The structure of air quality history correlation model based on industrial exhaust emissions.

Select the optimal number of hidden states.In the Hidden Markov model, the complexity and running time of the model are influenced by the number of hidden states. The complexity of the GHMM increases with the number of hidden states40. However, if the number of hidden states is too small, the model’s accuracy will decrease, and the desired prediction effect cannot be achieved. Therefore, selecting an appropriate number of hidden states improves the model’s accuracy and reduces the running time41. The learning algorithm of the traditional GHMM model is typically based on known number of hidden states42, which might not be suitable for substantive research. For example, Lolea and Stamule directly specified the maximum number of hidden states as 4 based on economic justification43. However, determining the actual meaning of hidden states in the context of air quality prediction can be challenging. Various methods, such as the Akaike information criterion (AIC), the Bayesian information criterion (BIC), and Odd–Even-Half-Sampling (OEHS), are used to select the number of hidden states38. Nevertheless, the AIC tends to underestimate the complexity of a model, the BIC tends to overestimate the complexity of the models, and the OEHS criterion divides the original series into odd-position sequences and even-position sequences, which may not be entirely suitable for GHMM based on continuous-time.

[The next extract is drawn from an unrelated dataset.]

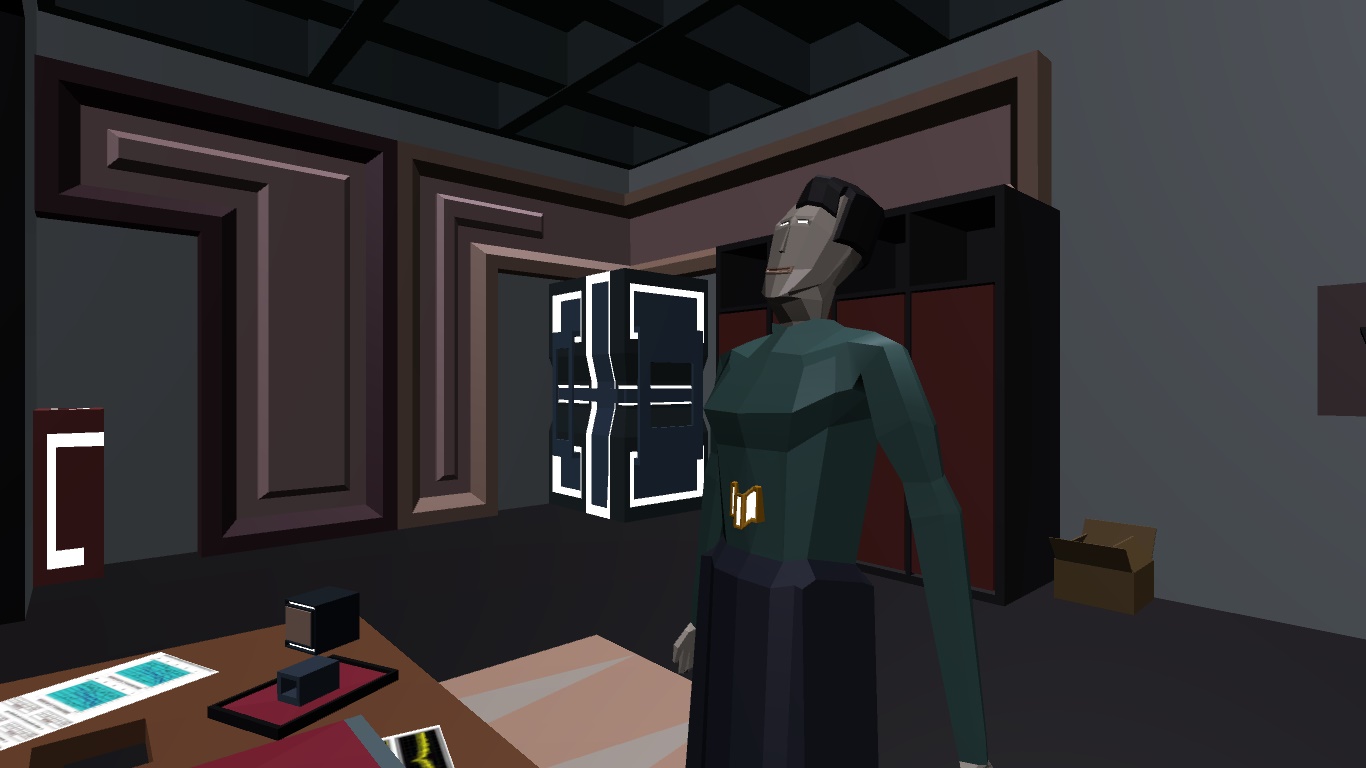 Скриншот из игры Chronicles of Cyberpunk - 13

A traversal method is proposed to determine the number of hidden states in this paper. Firstly, the interval within which the number of hidden states will be traversed is specified. Then, within this interval, each number of hidden states is used to establish the corresponding GHMM under the same input data. Finally, the prediction results of GHMMs with different hidden states are compared, and the number of hidden states that corresponds to the highest prediction accuracy is selected as the optimal number of hidden states. Hidden states can be assigned a range of values based on their actual meaning in specific applications, or they can be independent of their physical meaning. They can be viewed as an abstract representation within the model, whose specific interpretation may not directly correspond to a physical concept in the real question, thus avoiding the limitations of subjective knowledge. This abstract nature of hidden states can aid the model in better learning patterns and regularities within the data, free from the constraints of prior knowledge42,43. The study determines the range of hidden state numbers (2–7) based on specific physical meanings. For example, two states might represent increasing and decreasing trends, while seven states could denote significant increase, moderate increase, slight increase, no change, slight decrease, moderate decrease, and significant decrease. This approach ensures that the model captures sufficient information without becoming overly complex and prone to overfitting.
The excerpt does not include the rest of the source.